Dreams
Friday, April 8th, 2005 by joelI mention it from time to time, but I accidentally majored in psychology in college. It was entirely by mistake, I assure you, however I was unable to keep from absorbing some of the information, so diligent and skillful were my instructors. To this day I still have post-traumatic stress induced obsessive/compulsion regarding the obvious difference between schizophrenia and disassociative identity disorder. Whoa is me.
Now you may be saying ‘physician heal thyself.’ Well screw all ya’ll and your obvious personality flaws! I like me for who I am. I do. But I digress.
I have been having some pretty vivid dreams lately. Now I like dreams. My mind is particularly good at keeping me entertained while unconscious, and as a writer some of my better ideas have come from dreams. But I do not like having my emotions toyed with.
I mean it’s my fault. My mind delves into my secret fears and desires and presents them to me while dreaming. But it comes off as teasing.

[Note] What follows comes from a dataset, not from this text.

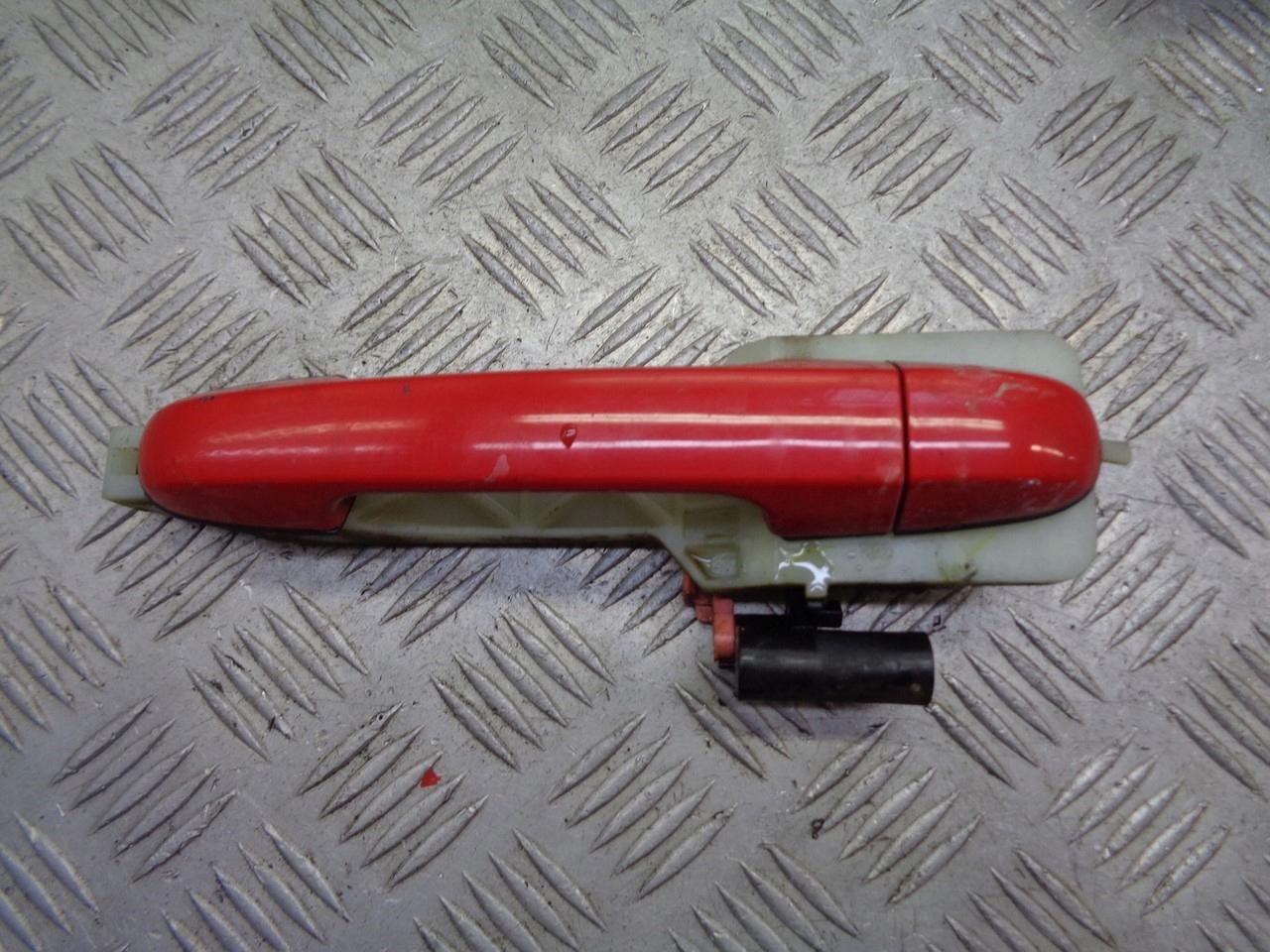 Правая передняя наружная ручка HYUNDAI I20 BH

At the risk of disappointing you, it’s nothing kinky (this is a family site, save for articles by Girdy). Of course the always annoying Freud would have said that even when it isn’t kinky its kinky. Stupid Freud and his stupid fatherhood of that pseudoscience I accidentally know so much about!
Emotions like it or not, are real. And although they are frequently an inconvenience, they have to be dealt with or they can cause problems. So what to do about irrational emotions brought on by inconsiderate subject matter of dreams? As a psychology student, my recommendation is that you take all those emotions and lock them deep inside where they will stay cooped up. Then I suggest that you schedule occasional emotional breakdowns. Use some vacation time. Clear a week on your schedule. Then let out all the bottled-up emotions and go nuts. Then return to your ordinary life and repeat as often as you have to.
Oh, and when you release, try to avoid other people. Otherwise you may end up killing someone.